As for the "How do we get there (Second Age) from here (First Age) with all our waring and killing and stuff": Well, on would have to assume that a) we're still a ways from the next Age or rather the actual utopian period that will come along some time during the Second Age and that b) at some point in between we'll have to discover the One Power. And that right there is the gamechanger. Looking at our present day conflicts, what they come down to are basically conflicts over wealth and resources or oppression/exploitation. Even cultural conflicts, at the end of the day, only ever turn to violent conflicts when one of the above is added to the mix.

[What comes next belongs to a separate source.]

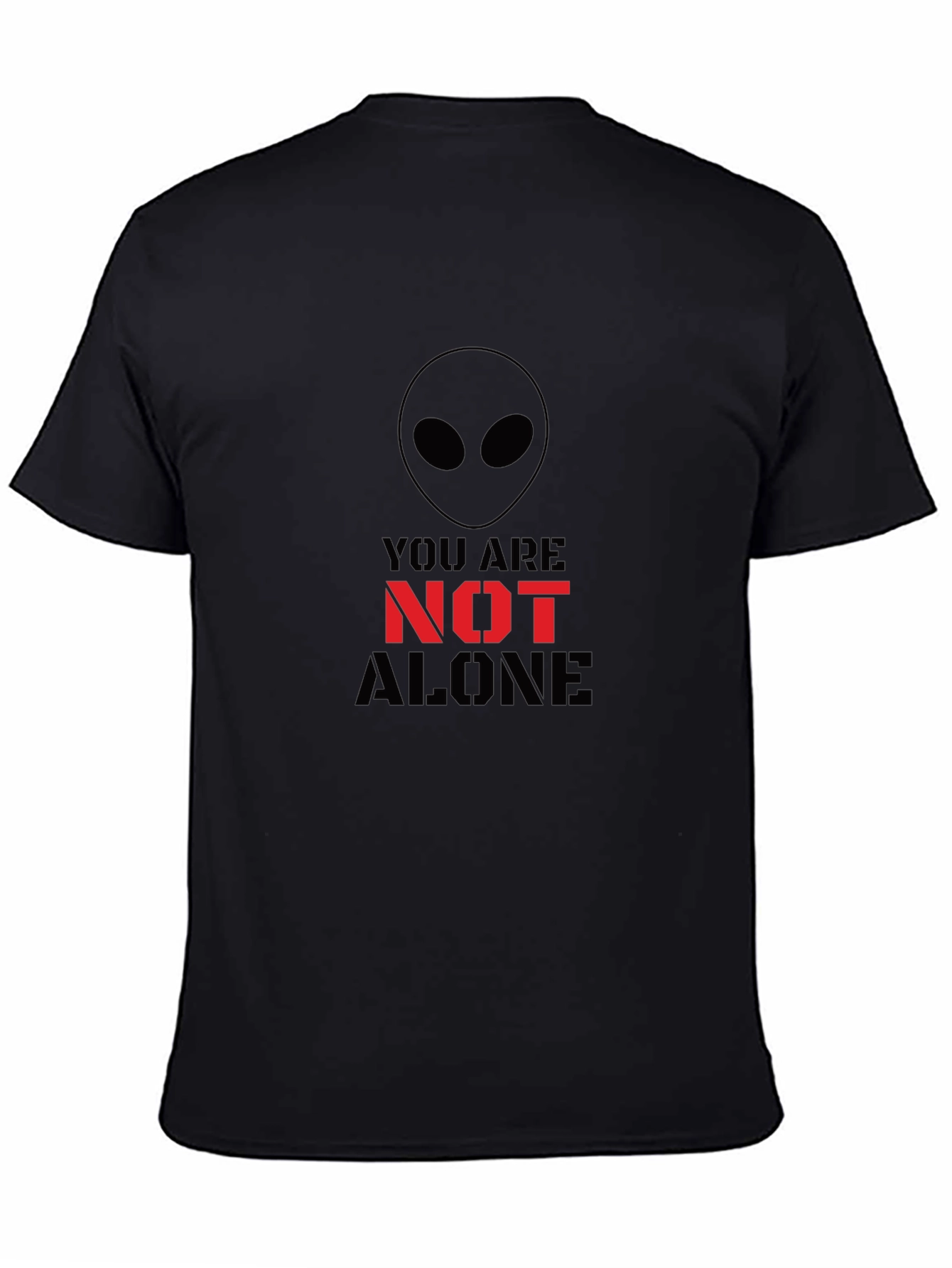 Alien You Are Not Alone Graphic Tee - Black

Enter the One Power. The One Power is limitless resources and therefore the great equaliser. It does away with uneven distribution of wealth and resources and therefore with the need to exploit or oppress other countries/regions/people etc. I can sort of see how that fundamental change could over centuries lead to an actual peaceful society.
97. pcslaurifer
Well done as always a Leigh.

On Elayne and Birgitte: barring an actual nuclear exchange and the apocalyptic annihilation that would ensue I would have to disagree with you to a certain extent. While it is true the world has not been at peace since the advent of nukes a level of peace has been achieved. Recall that in the thirty years before the splitting of the atom we had two world wars that cost tens of millions of lives. While in the nearly seventy since there has been no major conflict between the more powerful nations of the earth. Though the cold war saw Korea, Vietnam, and Afghanistan these were wars where at least one of the major powers fought through surrogates and thus all out war was avoided. Since the cold war ended (as much as it has anyway) the conflicts have generally been between smaller nations or wars where either the world's great powers were aligned against a common foe or where the war was fought by one power with, at least, the tacit approval of the others.

So have nukes brought an age of glorious peace.....No. But have they prevented slaughter on the scale of the wars of the first half of the twentieth century...... most emphatically.....Yes.